There Are Worse Things Than Dying

I know you feel that staying alive is important, but that’s only because you think you are a human being and forgot you are an immortal spirit having a human experience. When you compromise your integrity and do something shameful and despicable, you may never get over it and eternity is a very long time. To paraphrase Shakespeare’s Julius Caesar “ A coward dies a thousand deaths while a hero dies but once.”
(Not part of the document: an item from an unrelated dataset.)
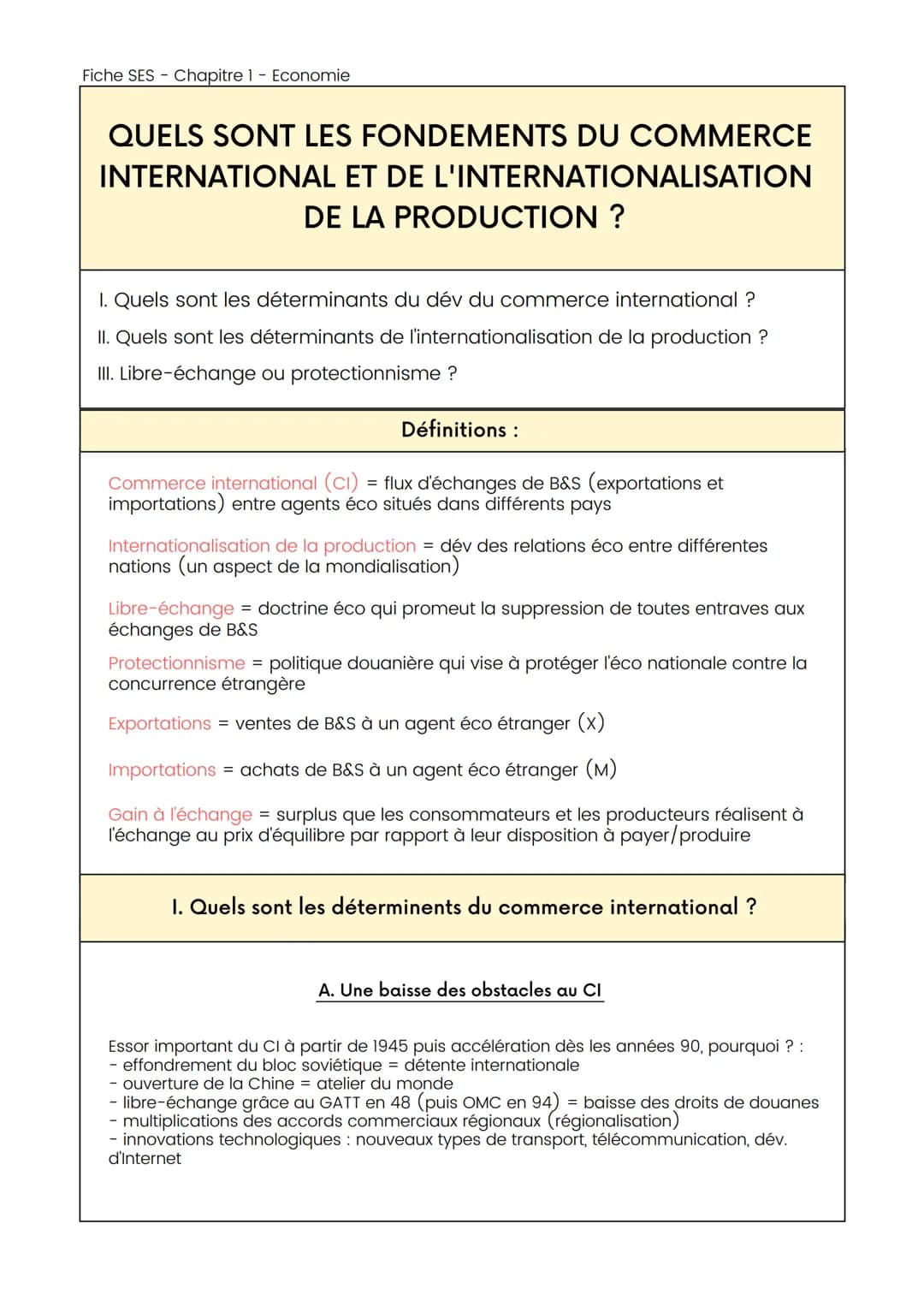 Fiche SES- Chapitre 1 - Economie
QUELS SONT LES FONDEMENTS DU COMMERCE
INTERNATIONAL ET DE L'INTERNATIONALISATION
DE LA PRODUCTION ?
1. Quel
When threatened with death, you can be tempted to find an expedient solution like running and hiding or pushing someone else in front of the danger so you can escape. When enough time has passed, you might hope to be able to find ways to forgive yourself for abandoning those you were supposed to protect. It really doesn’t work that way. Since we are immortal beings, our memories of shameful actions stay with us and affect us every lifetime thereafter when we are presented with similar problems.

Even worse is the situation where death is not imminent, but we do something so against everything we believe to stay alive a little longer. This happens when a group becomes cut off from civilization with no way to avert eventual death. Killing each other to extend life-giving supplies and air is despicable, but there is something else that is so against everything we know that doing it absolutely damns the survivors for eternity and that is eating the bodies of our dead.
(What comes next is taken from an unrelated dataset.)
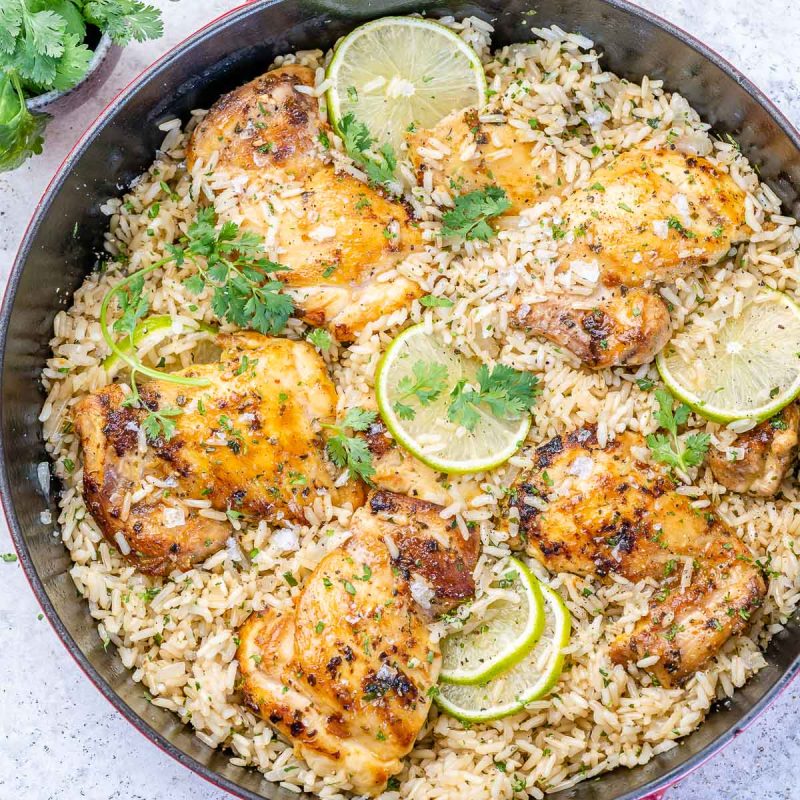 Cilantro-Lime Chicken + Rice Skillet | Clean Food Crush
An Uruguayan Rugby team was stranded in the Andes for 72 days and survived by eating frozen teammates and friends. The survivors never forgot the horror of that experience and neither has the rest of the world. Others who made similar decisions in earlier lifetimes are still haunted by their actions even though they no longer remember what they did. 

Most of us decide to forget all of our past life experiences at birth for reasons similar to what I just described. We do things out of desperation and then regret them for eternity. However, it is really not possible to erase past memories, only to suppress them until something comes up which has all of the sensations and visual impressions of the earlier incident. At which point, Lo and Behold, it comes back in living color with all of sensations and shame of the original incident!

This causes an amazing upset as I have personally discovered when I bought a new kind of Lox, which is a kind of smoked salmon. Normally, Lox I buy is dark pink and somewhat dry and salty. This Lox was wet and slippery and somehow revolting but I couldn’t identify what made it feel wrong. It smelled right so I tried a little piece on a bagel. Within an hour I was violently ill and stayed ill for many hours.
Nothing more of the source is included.